Quote:The invasion and conquest of Iraq by the United States last spring was the result of what is probably the least ambiguous case of the misreading of secret intelligence information in American history. Whether it is even possible that a misreading so profound could yet be in some sense "a mistake" is a question to which I shall return. Going to war was not something we were forced to do and it certainly was not something we were asked to do. It was something we elected to do for reasons that have still not been fully explained.
The official argument for war, pressed in numerous speeches by President Bush and others, failed to convince most of the world that war against Iraq was necessary and just; it failed to soften the opposition to war by longtime allies like France and Germany; and it failed to persuade even a simple majority of the Security Council to vote for war despite immense pressure from Washington. The President's argument was accepted only by the United States Congress, which voted to give him blanket authority to attack Iraq, and then kept silent during the worldwide debate that followed. The entire process?-from the moment it became unmistakably clear that the President had decided to go to war in August 2002, until his announcement on May 1 that "major combat" was over?-took about nine months, and it will stand for decades to come as an object lesson in secrecy and its hazards.

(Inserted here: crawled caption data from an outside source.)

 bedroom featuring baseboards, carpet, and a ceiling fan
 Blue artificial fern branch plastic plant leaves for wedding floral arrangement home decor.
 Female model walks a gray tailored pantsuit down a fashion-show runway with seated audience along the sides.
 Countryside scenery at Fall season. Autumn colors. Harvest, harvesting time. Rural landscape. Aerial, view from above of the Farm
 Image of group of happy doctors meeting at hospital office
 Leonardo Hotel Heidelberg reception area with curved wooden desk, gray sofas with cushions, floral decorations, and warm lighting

http://www.nybooks.com/articles/16813
Quote, "If we eventually are proven wrong—that is, that there were no weapons of mass destruction and the WMD programs were dormant or abandoned—the American people will be told the truth; we would have it no other way."
What is written c.i. is that the truth will be known, one way or the other, no matter who may be inconvenienced, or in what manner. There is nothing else there.
Inconvenienced?

I hardly consider the dead (of both sides) to have been "inconvenienced!"

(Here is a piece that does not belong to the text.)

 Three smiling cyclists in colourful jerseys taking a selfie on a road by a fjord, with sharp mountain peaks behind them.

Quote:"The last time we followed instructions from a Bush, we wandered the desert for forty years."
--my Jewish father-in-law
(edited to correct a chronological gaffe by Papi-in-law -- thanks to that renowned biblical scholar, blatham :wink: )
Let's keep an eye on that Cohen fella and see which boards he's appointed to, what sudden upticks become noticeable in his "life-style"!!
Inconvienced Indeed!!!
All those deaths and those wounded and maimed. Let's be real. This President was going to invade Iraq no matter what. God instructed him to do so. Now the Iraqis will just have to be inconvienced some more and more Americans will need to die, be wounded &/or maimed. How can we disagree with the instructions of God?
Iraq will never be a Democracy. Hell, America is not a Demcracy. Come on folks, time for some reality.
pd
Your jewish father-in-law must have read the Readers Digest Condensed old testament.